John Moore Gaunt and the St Kilda Years

This Marker is all that remains of John Moore Gaunt's Grave
This broken brass marker is all that’s left of John Moore Gaunt’s grave in the old Bendigo Cemetery. NB: The number is not a date, it’s a marker number, often the only way of finding old graves.

Continuing on the series of background articles to Whistler’s Bones, this one covers the arrival of Charlie’s father in Australia, the meeting of his parents, and Charlie’s early years.

This is a long post, but if you’ve read Whistler’s Bones, or intend to, it will give you some extra background.

Charlie Gaunt’s father was called John Moore Gaunt, the son of a Leeds barrister and alderman. John arrived on the Tippoo Saib in 1852, twenty one years old, and full of ambition and charm. He was part of the first wave of goldfields immigrants, fired-up by stories of men picking nuggets off the surface at Mount Alexander and Ballarat.
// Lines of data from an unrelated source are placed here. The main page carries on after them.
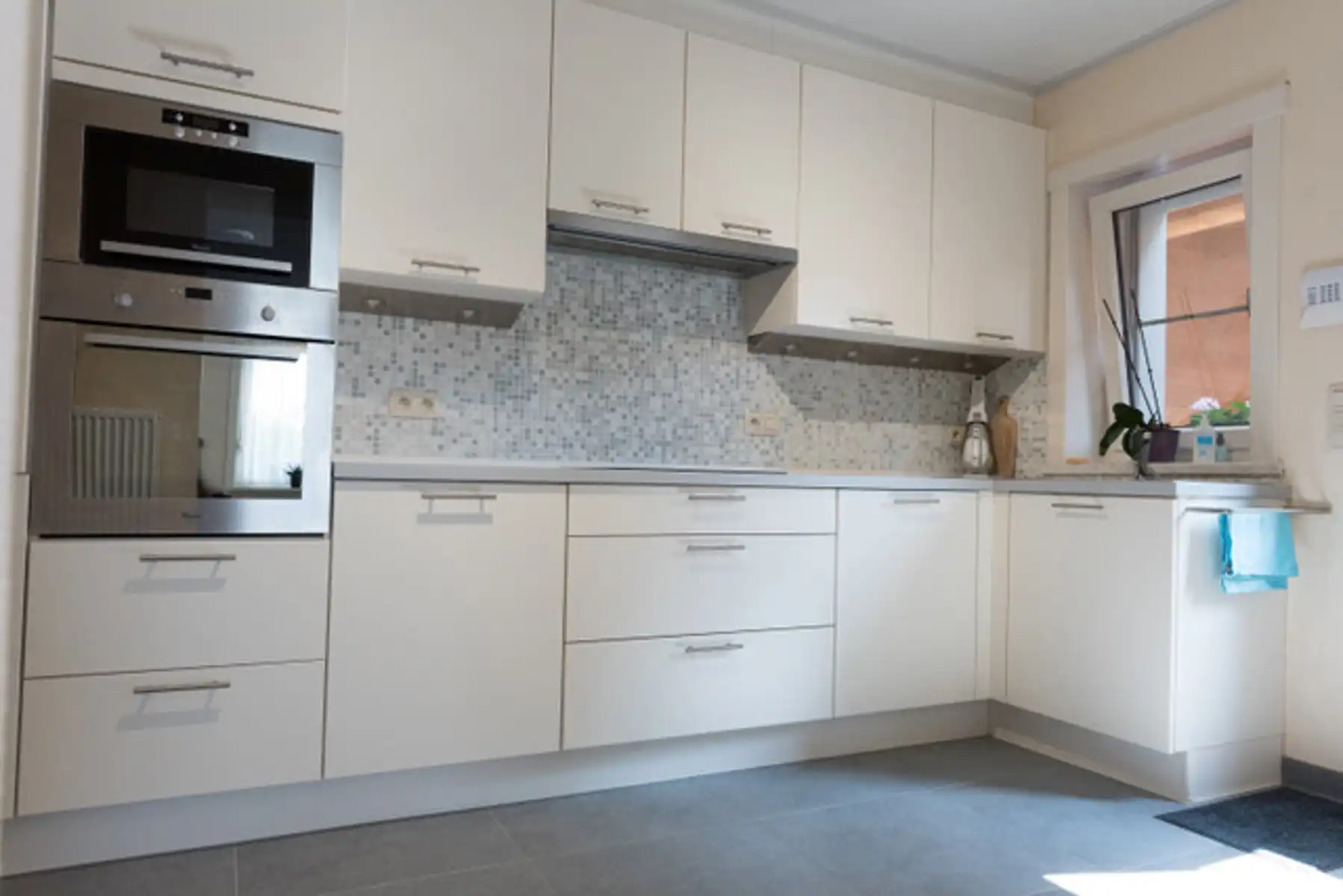 Een volledig gerenoveerde driegevelwoning met garage... foto 12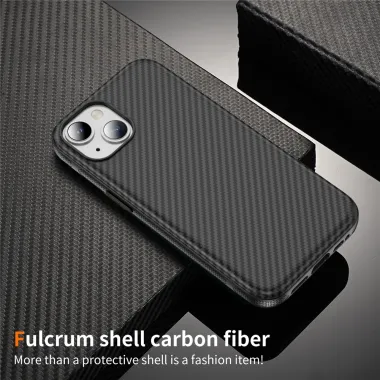 Coque iPhone 15 magnétique fibre de carbone toucher peau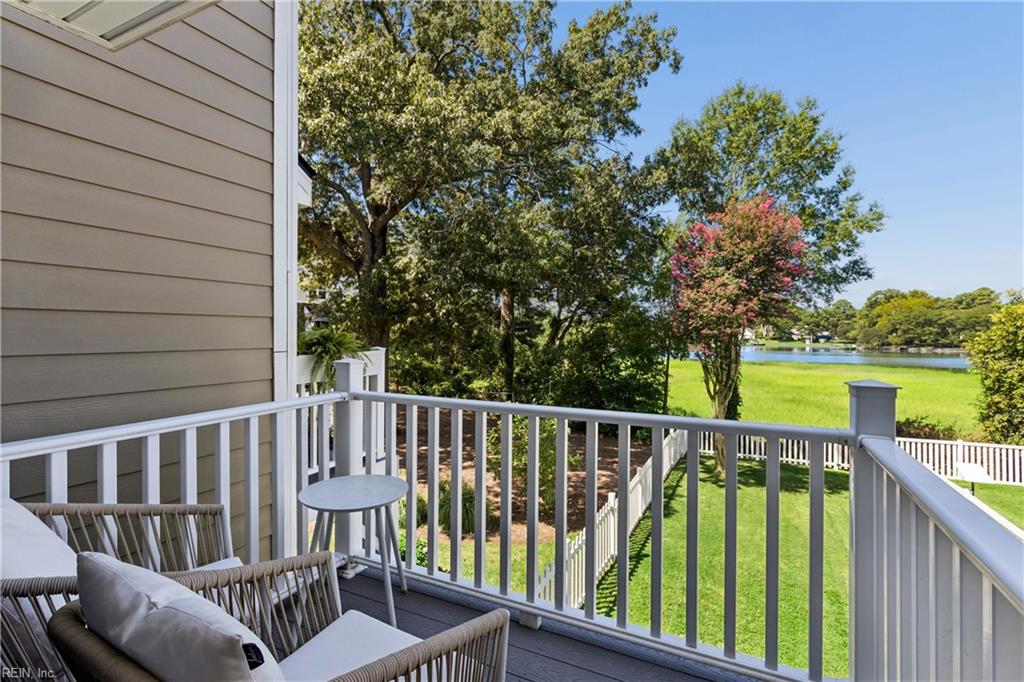557 Westport St Property Photo 11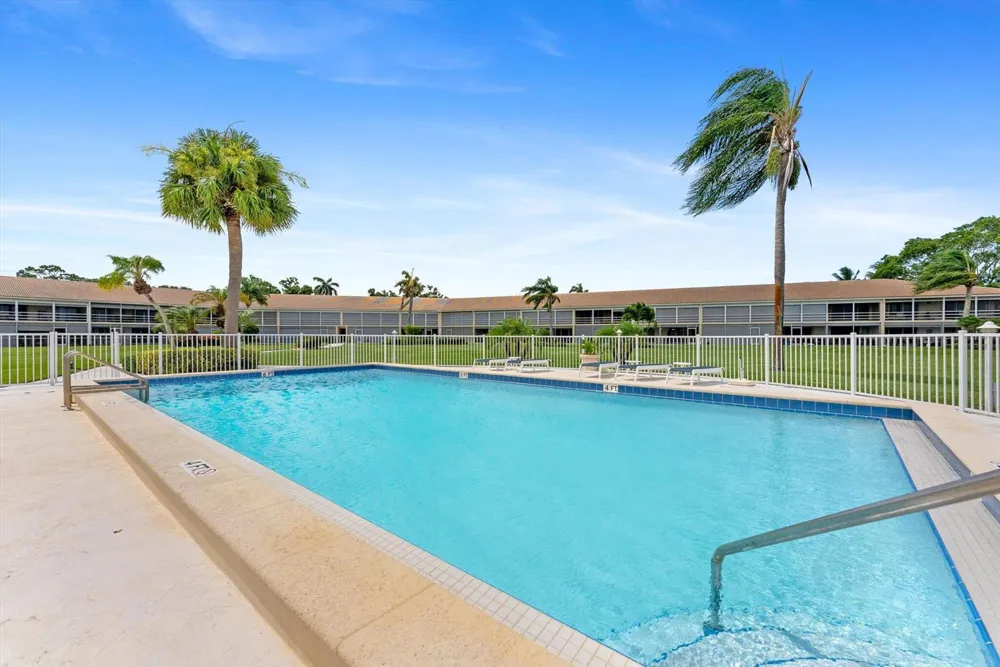 478 TEQUESTA DRIVE #115 Tequesta, FL 33469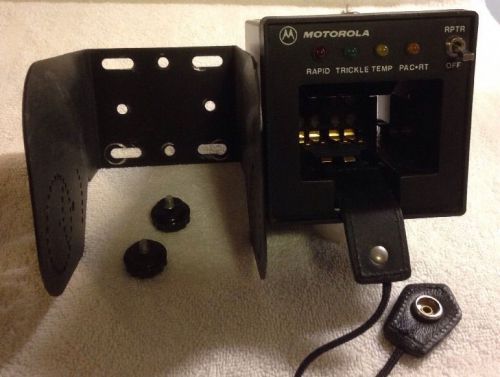 Motorola ntn9176b ?vehicle charger complete xts + more two way radio portable for sale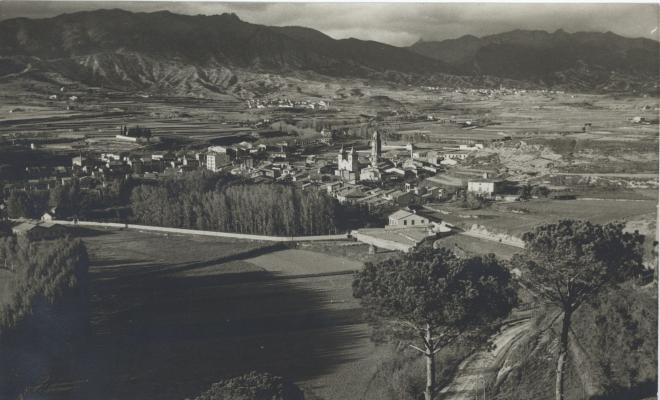Vista del poble des dels Comuns a Rocaprevera abans de la construcció de la zona esportiva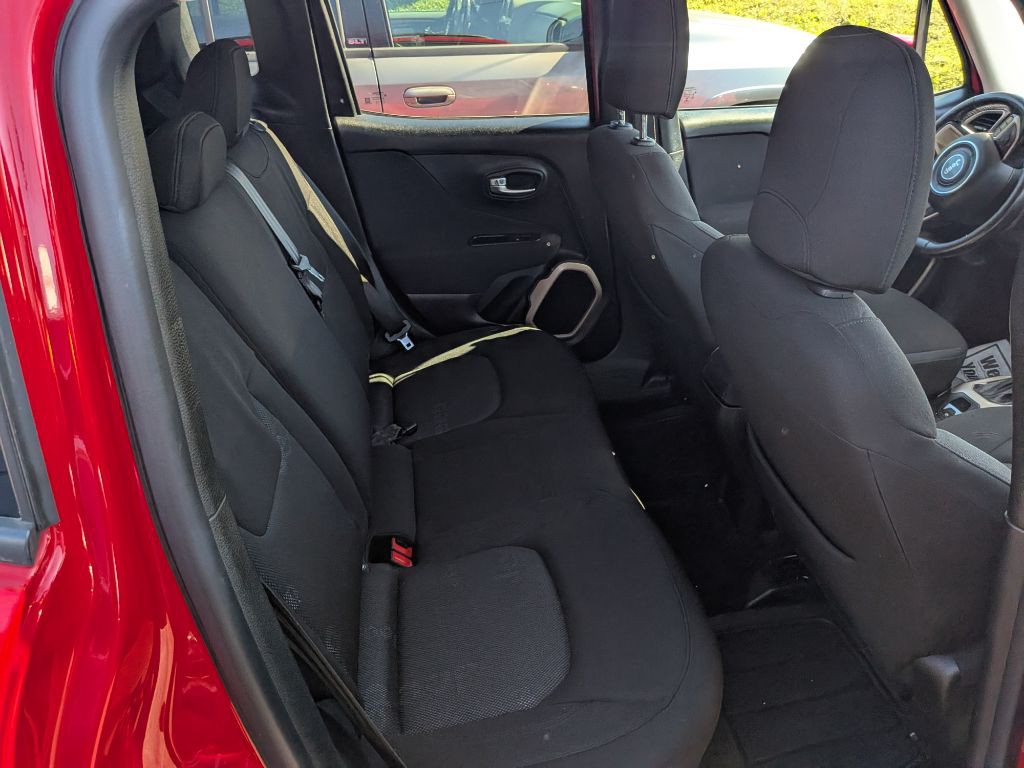 2015 Jeep Renegade Image 11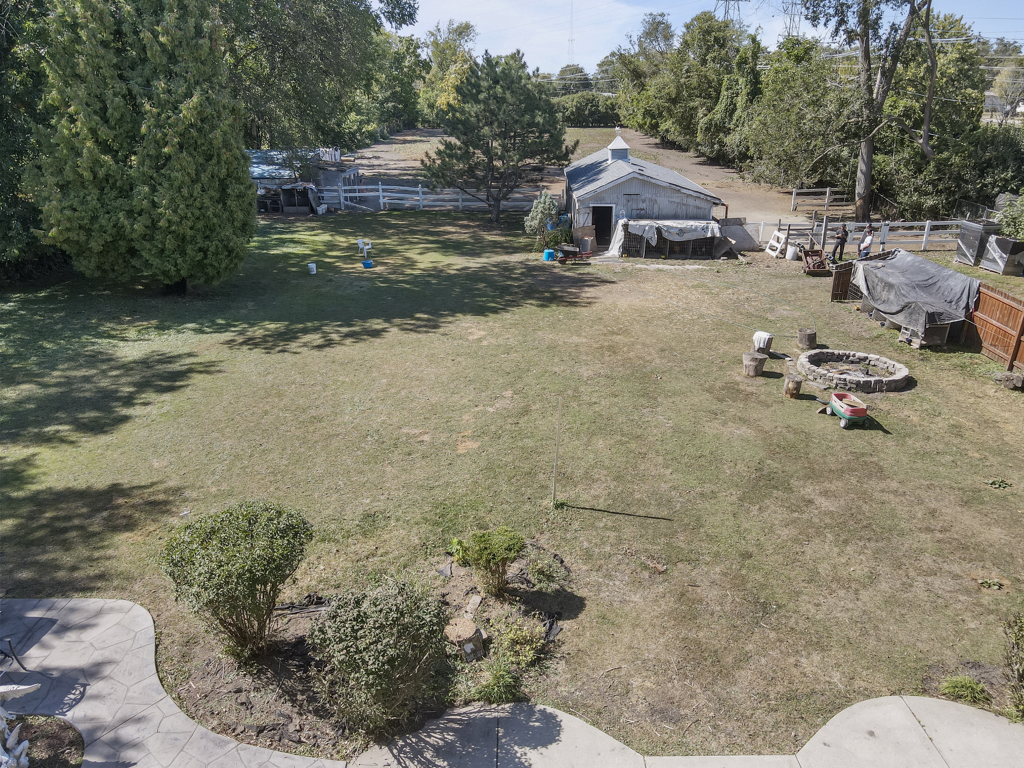 2n584 S Ardmore Avenue Property Photo 4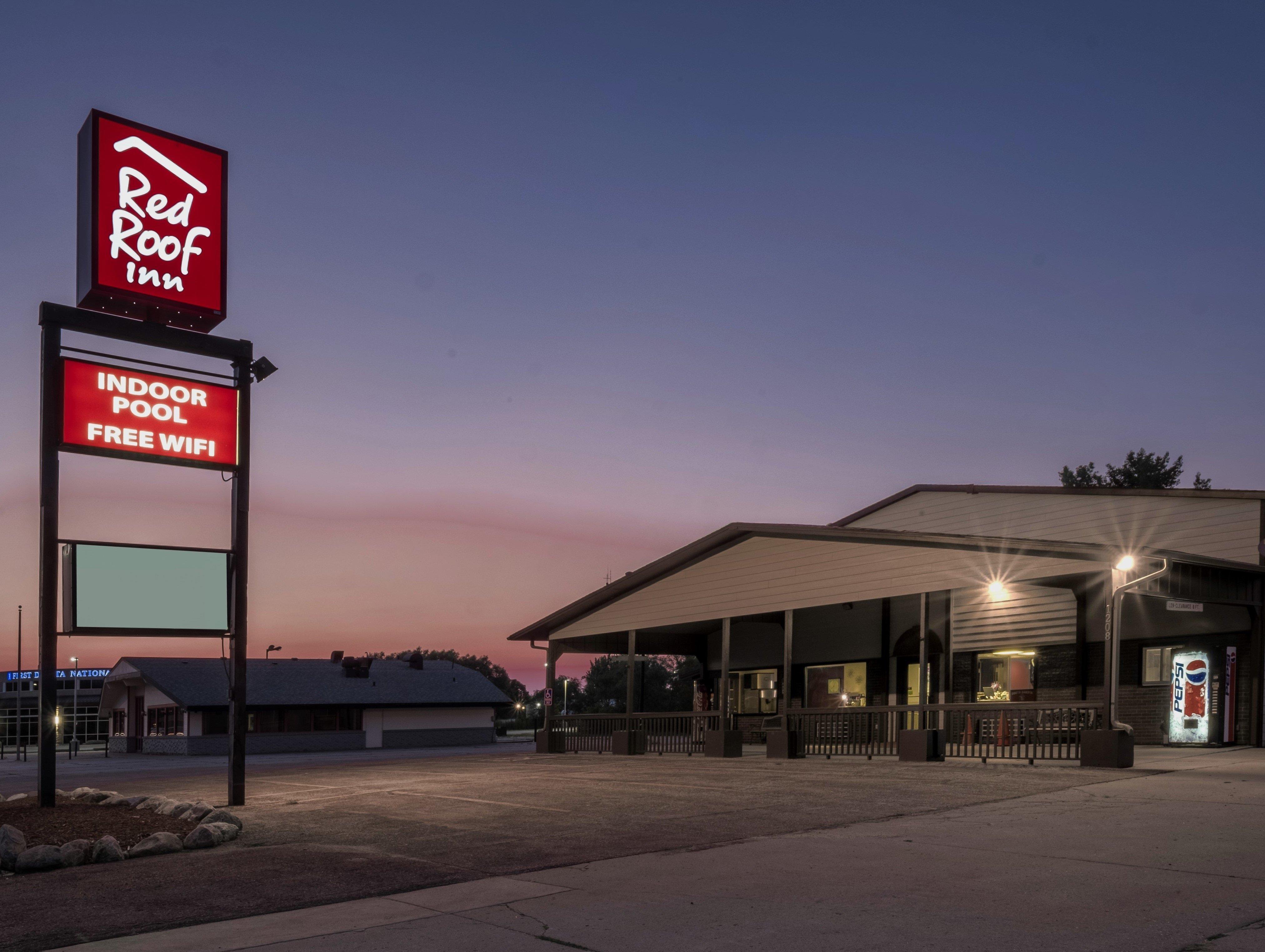 Red Roof Inn Vermillion - U Of South Dakota Exterior foto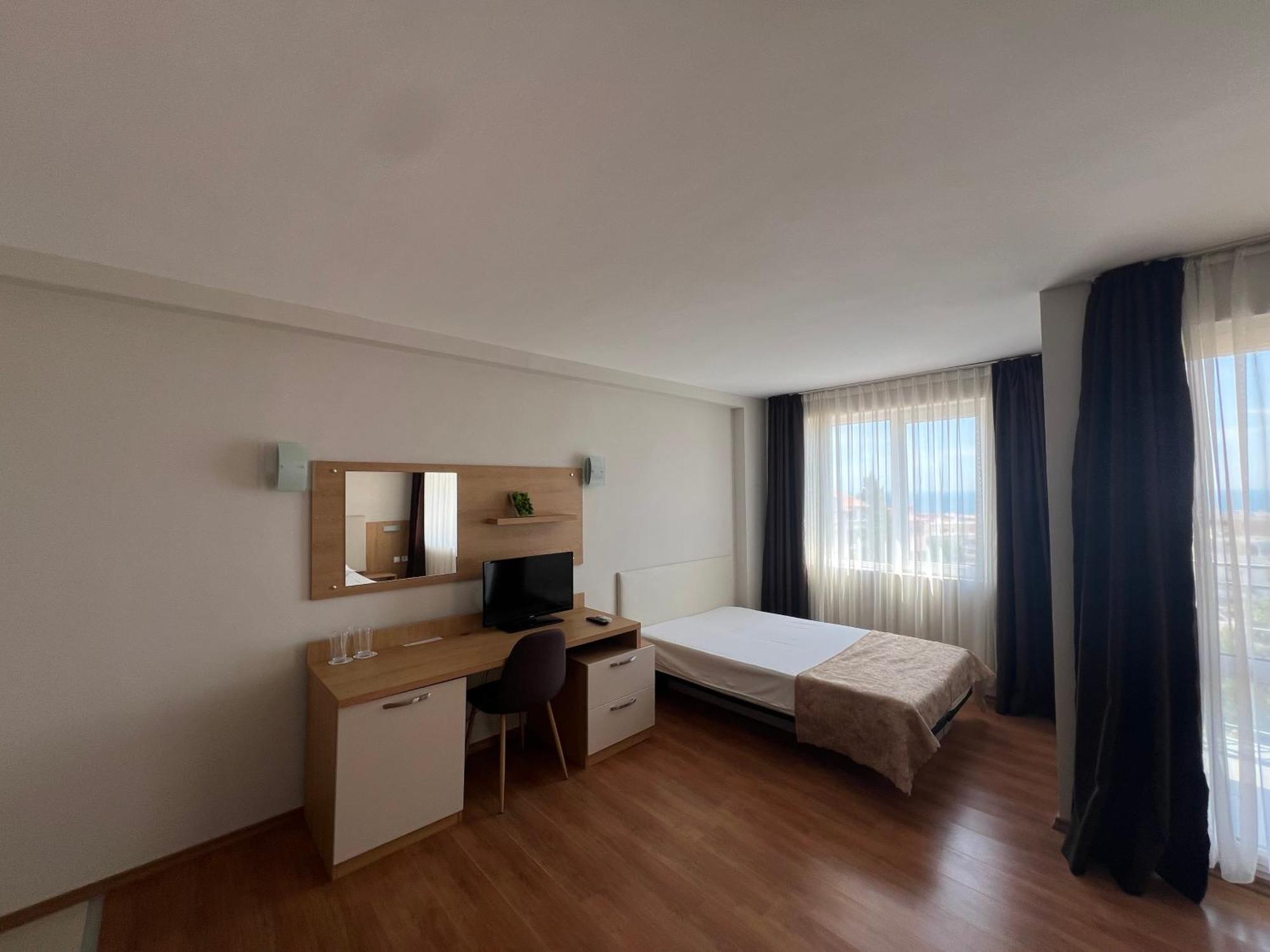Family Hotel Milev Sveti Vlas Buitenkant foto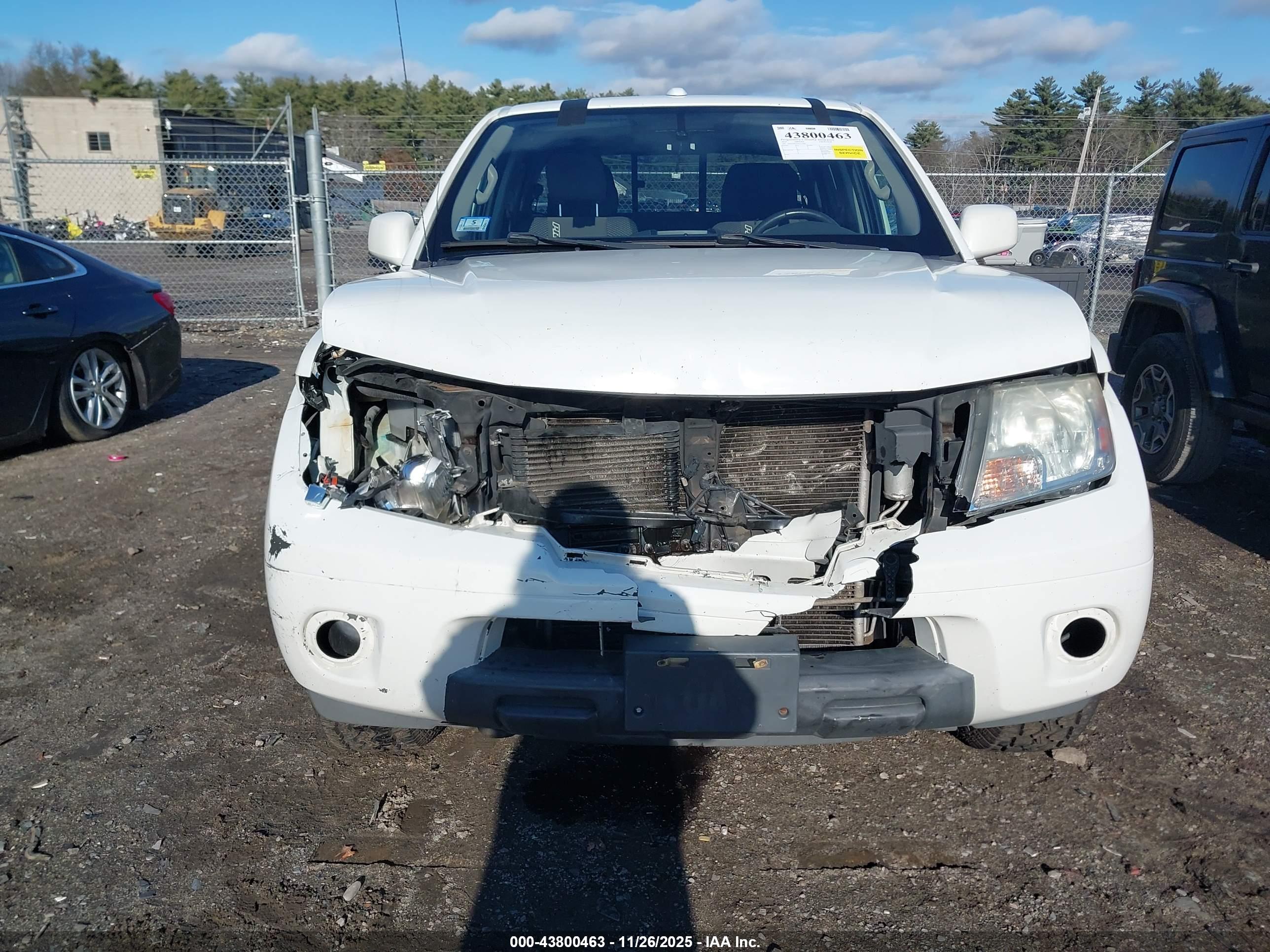 NISSAN FRONTIER image 6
By the time John reached the fields the plum claims were already pegged, but there were millions of tonnes of alluvial gravel still to be panned. He must have had some success with the sluice box, for in 1853 he purchased 40 acres of land at Yarram Yarram, near Mornington, in partnership with his brother. This he disposed of in the next few years, but then, in 1857, he took up a parcel of seventy acres. John, it seems, never set eyes on the block, but the land was leased out, with an annual rent of £20.

By 1856 John was living in Park Street, St Kilda, working for the Victorian government. Four years later, his big break came. He was appointed to the post of acting Gold Receiver in the town of Inglewood.

Life in Inglewood suited John, and he made a life-long friend, a young doctor, around his own age, called Henry Hayton Radcliffe. Together they joined the Aurora Lodge of the Freemasons, a fraternity of Anglican businessmen organised into lodges: the members of which advance through a series of guilds. The lodges offered networking opportunities similar to modern day Lions and Rotary Clubs.

Augusta Fuller and her sister Charlotte were by then eligible young women, living in the area. Augusta was in her late teens, Charlotte her early twenties.

John Gaunt was playing cricket for the Inglewood XI one fine Saturday, making a sensible thirty-six runs before tea. At the break mutual friends presented him to Augusta.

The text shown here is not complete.